7
Terraform requires a DAG. AWS allows cycles. Here's how I map the difference.
Error: Cycle: aws_security_group.app -> aws_security_group.db -> aws_security_group.app
If you've ever seen this error while importing AWS infrastructure to Terraform, you know the pain.
Terraform's core engine relies on a Directed Acyclic Graph (DAG). It needs to know: "Create A first, then B."
But AWS is eventually consistent and happily allows cycles.
The Deadlock
The most common culprit is Security Groups. Imagine two microservices:
- SG-App allows outbound traffic to SG-DB - SG-DB allows inbound traffic from SG-App
If you write this with inline rules (which is what terraform import defaults to), you create a cycle:
resource "aws_security_group" "app" {
egress {
security_groups = [aws_security_group.db.id]
}
}
resource "aws_security_group" "db" {
ingress {
security_groups = [aws_security_group.app.id]
}
}
Terraform cannot apply this.
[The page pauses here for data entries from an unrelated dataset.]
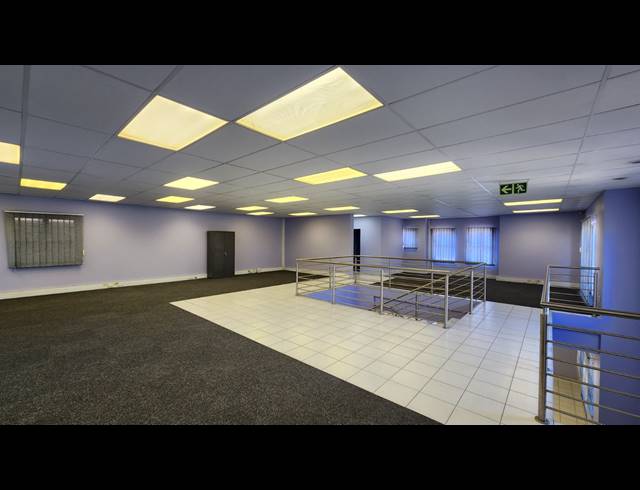 1,550M² WAREHOUSE TO LET IN SPARTAN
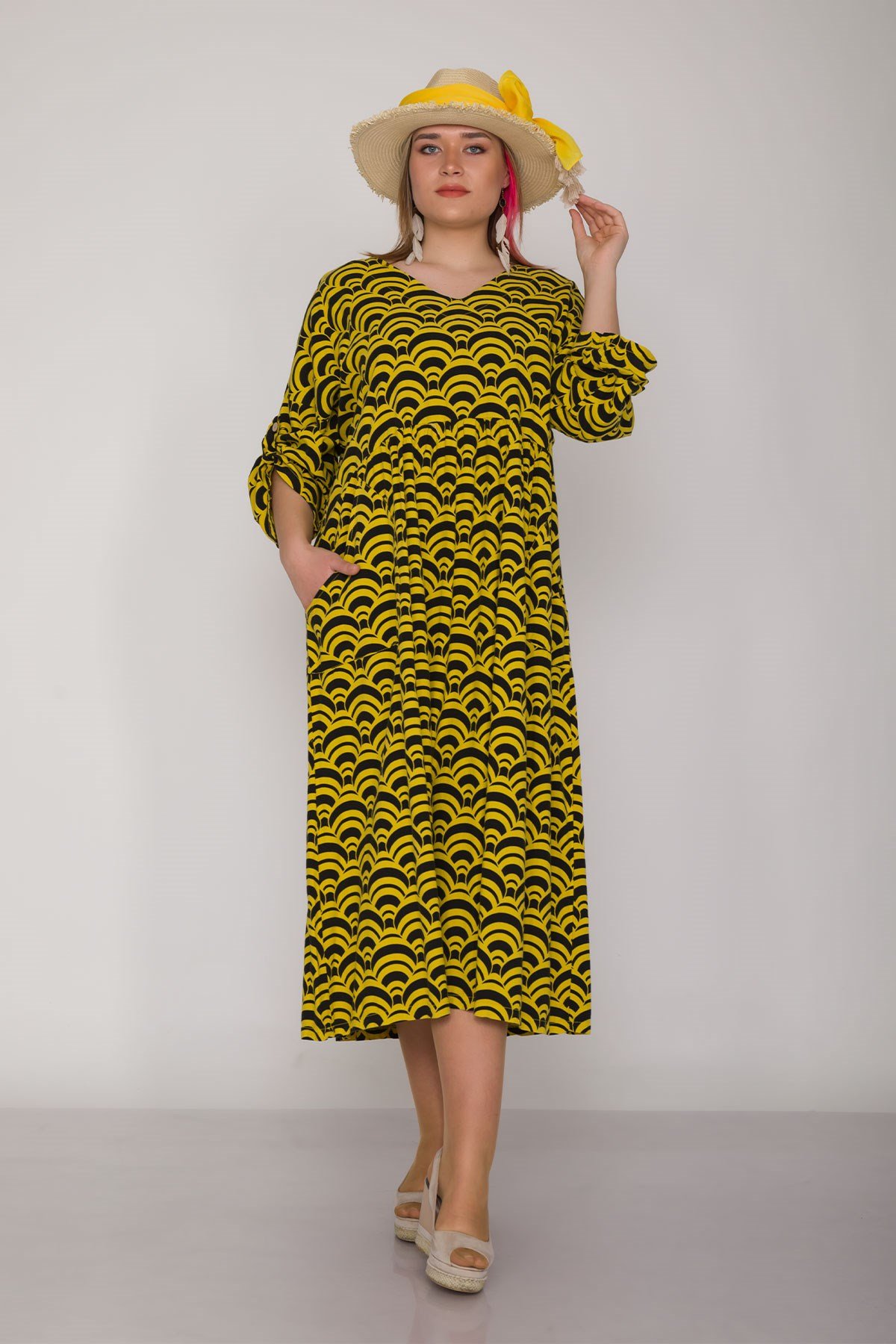 7013-1 V Yaka Cepli Desenli Pamuk Elbise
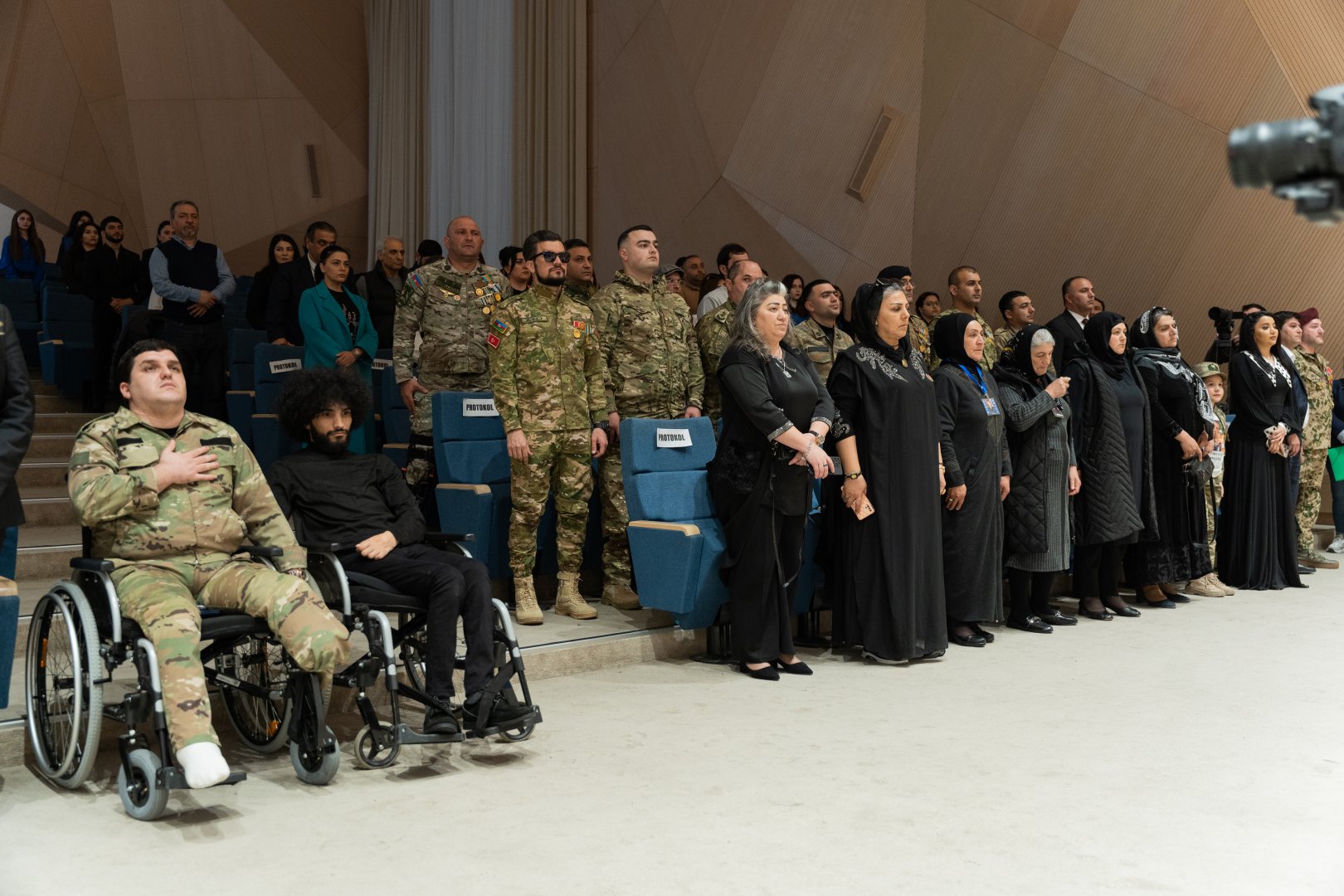 В Баку прошел вечер "Творящие историю" и представлены фильмы в честь  славных Апрельских боев (ФОТО)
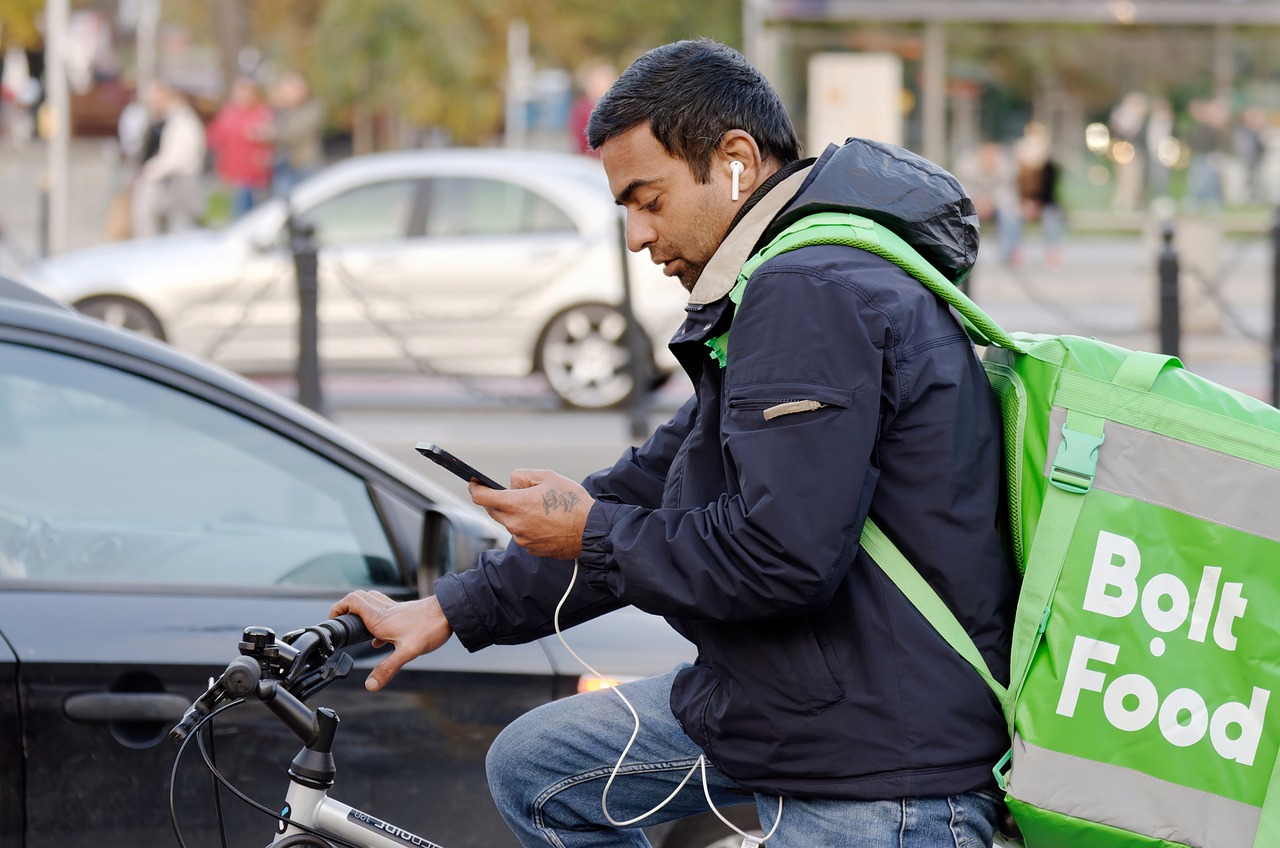 COMO INOVAR NOS SERVIÇOS DE DELIVERY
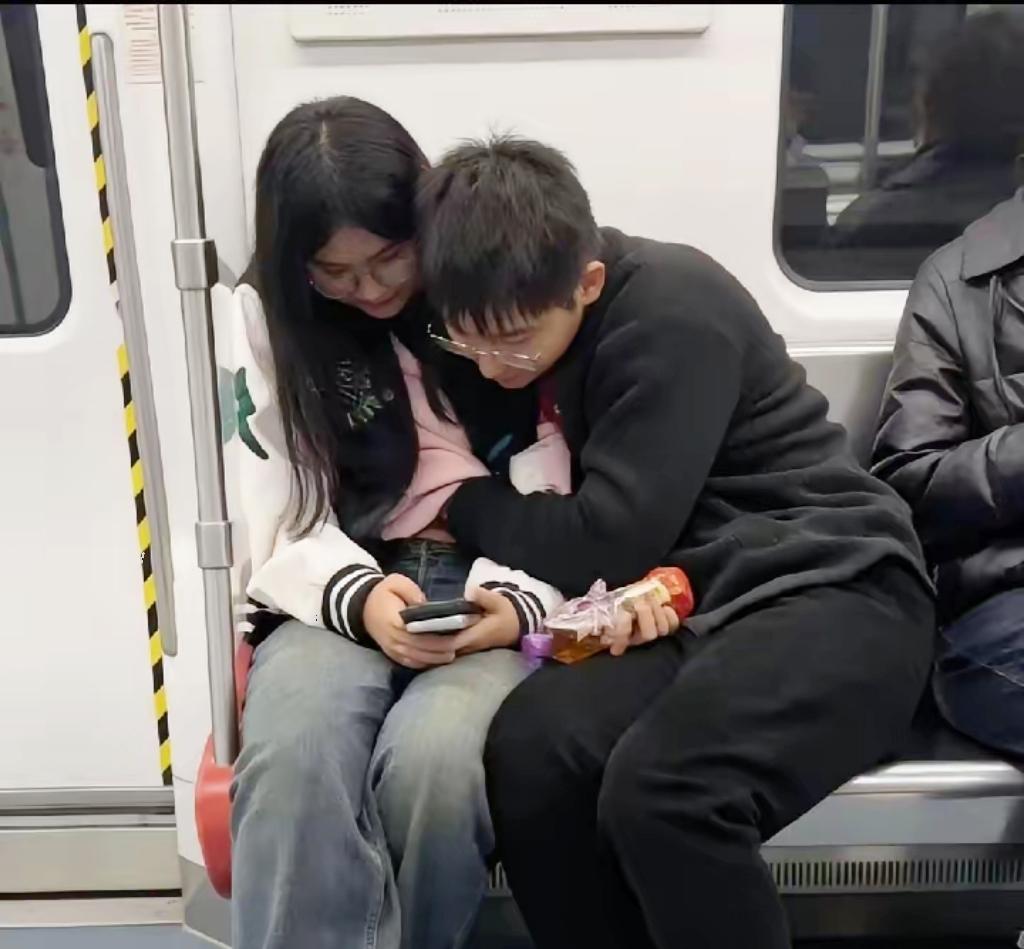 在地铁上，这男的也太着急了吧！[笑哭][笑哭][笑哭][笑哭][笑哭]
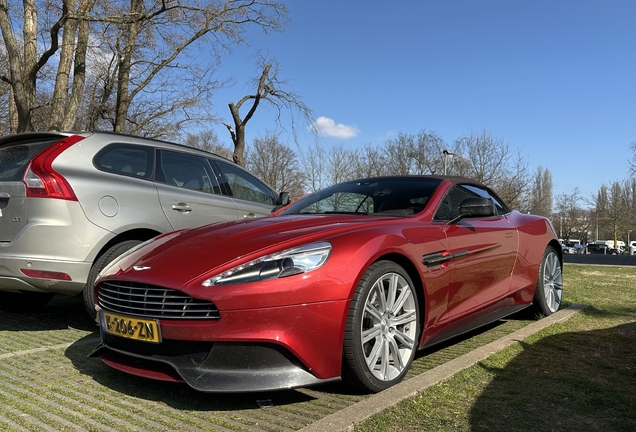 Aston Martin Vanquish Volante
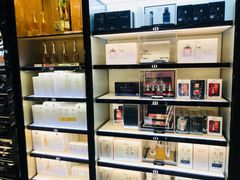-日上免税店(三径路t3店)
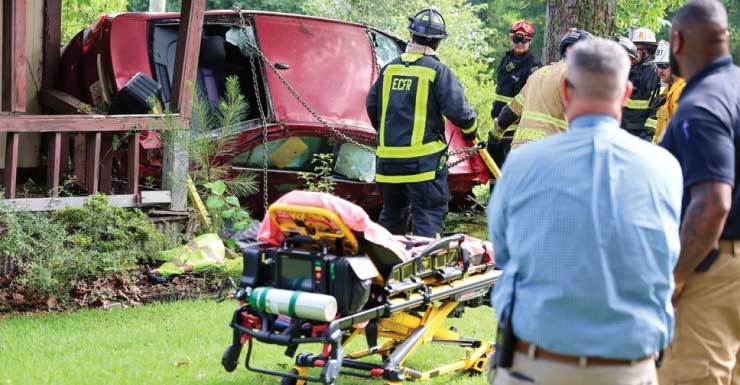 20-year-old man killed in crash into trees, house in Escambia County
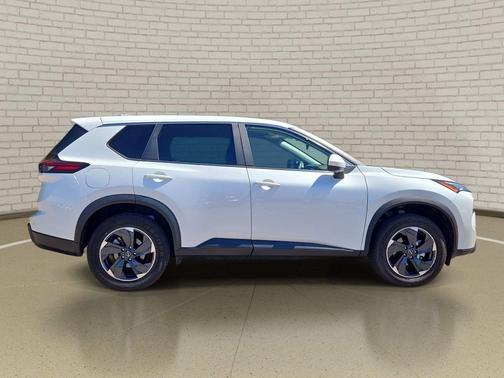 Everest White Pearl 2024 Nissan Rogue SV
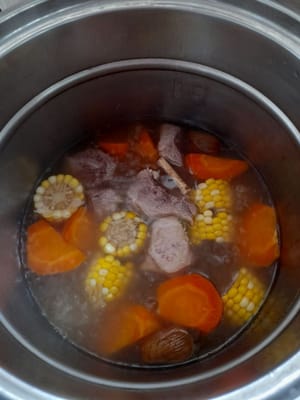 Cuando la sopa esté cocida, agregue 1/2 cucharada de sal, luego revuelva y pruebe.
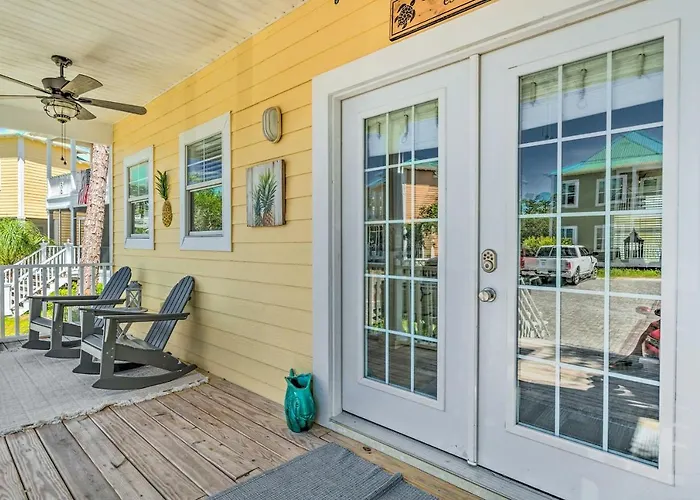On-site Bar: Sunny Perdido Key Cottage! Pensacola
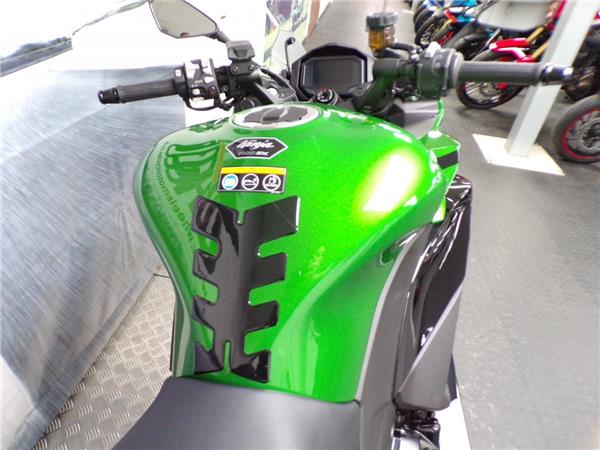 2025 Kawasaki Ninja 1100SX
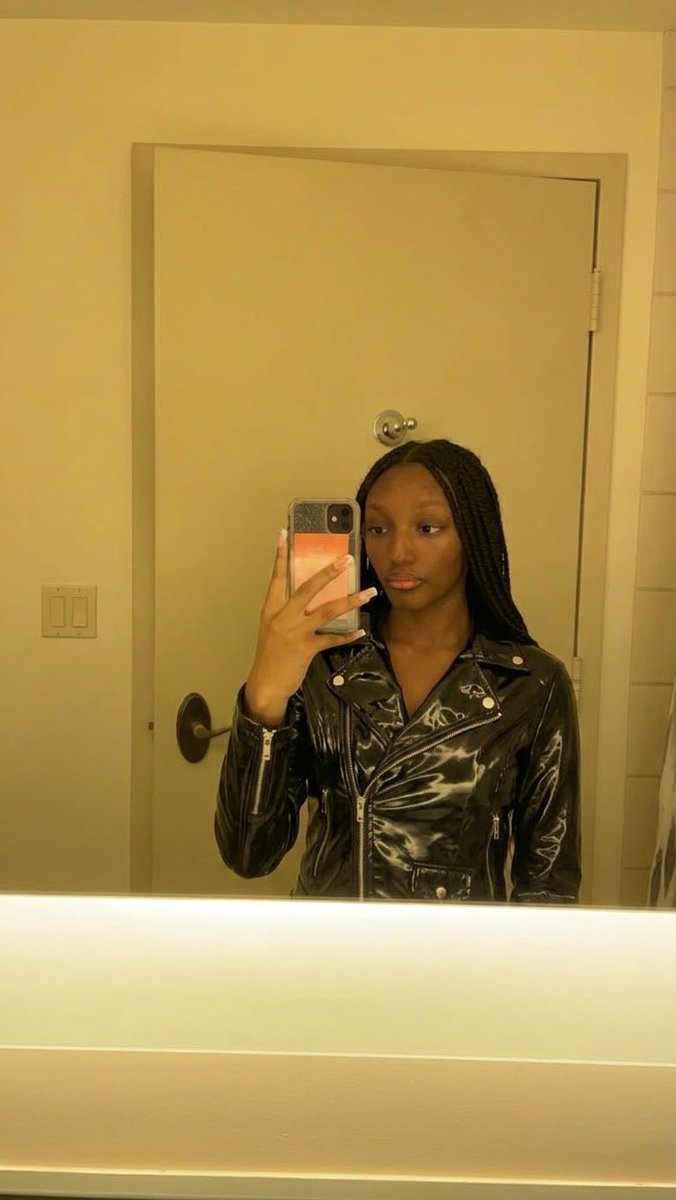 keracreamy's tweet photo. Late night latex https://t.co/II6HZtc2Gp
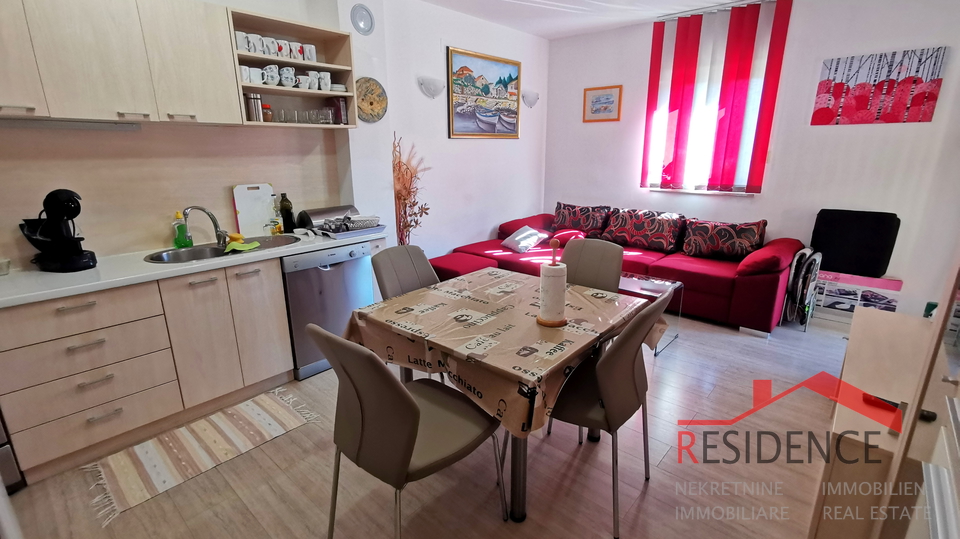 Banjole - Volme, apartma z vrtom, blizu morja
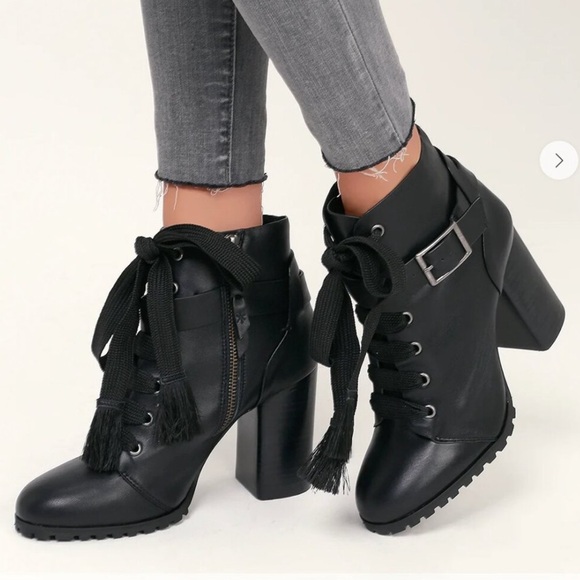 NIB Splendid “Cesar” Black Lace-Up Ankle Boots - Picture 1 of 6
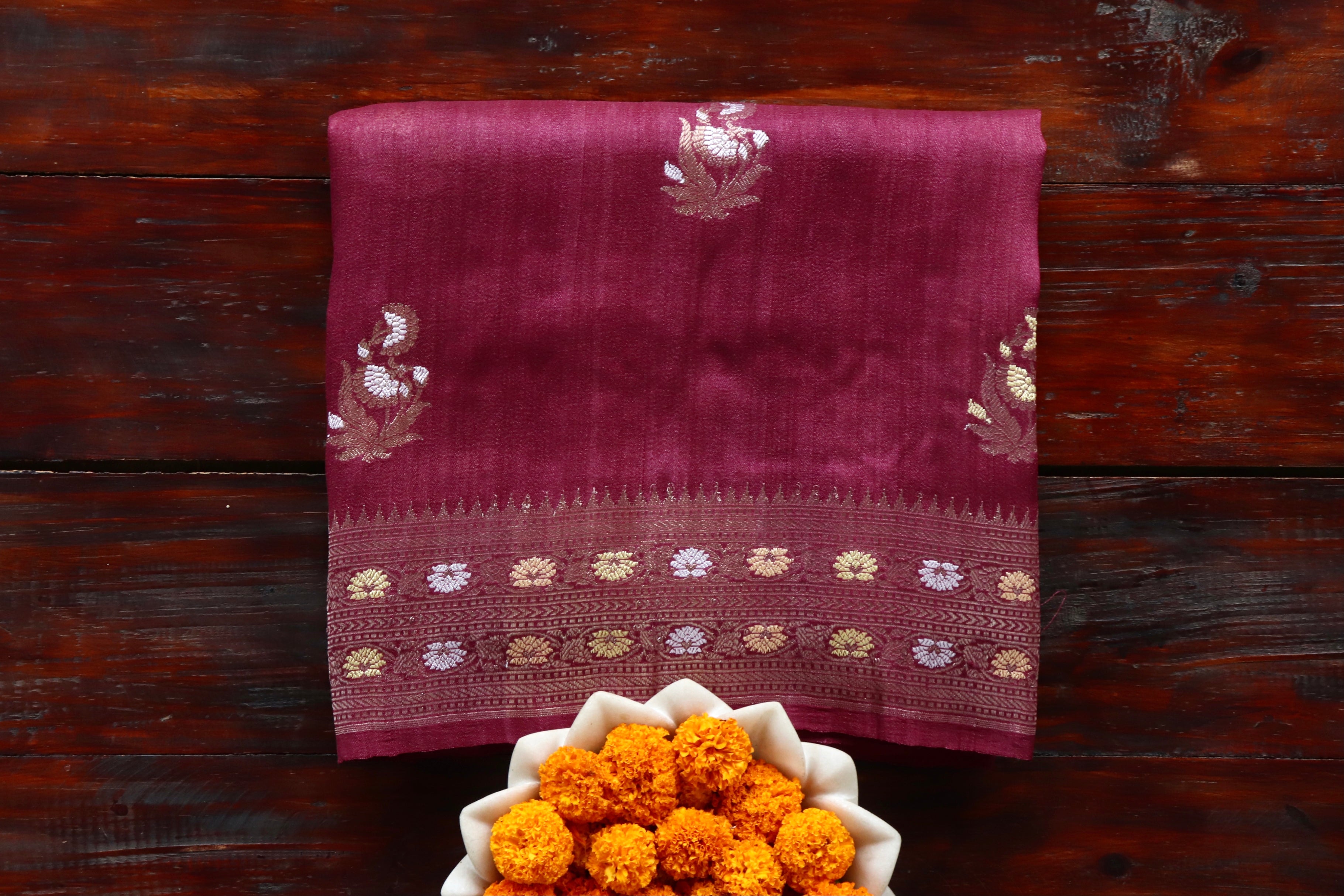 Maroon Guldasta Motif Handwoven Tussar Silk Saree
It can't create app without db's ID, and vice versa.The Graph Theory View
When building an infrastructure reverse-engineering tool, I realized I couldn't just dump API responses to HCL. We model AWS as a graph: Nodes are Resources, Edges are Dependencies.
In a healthy config, dependencies are a DAG: [VPC] --> [Subnet] --> [EC2]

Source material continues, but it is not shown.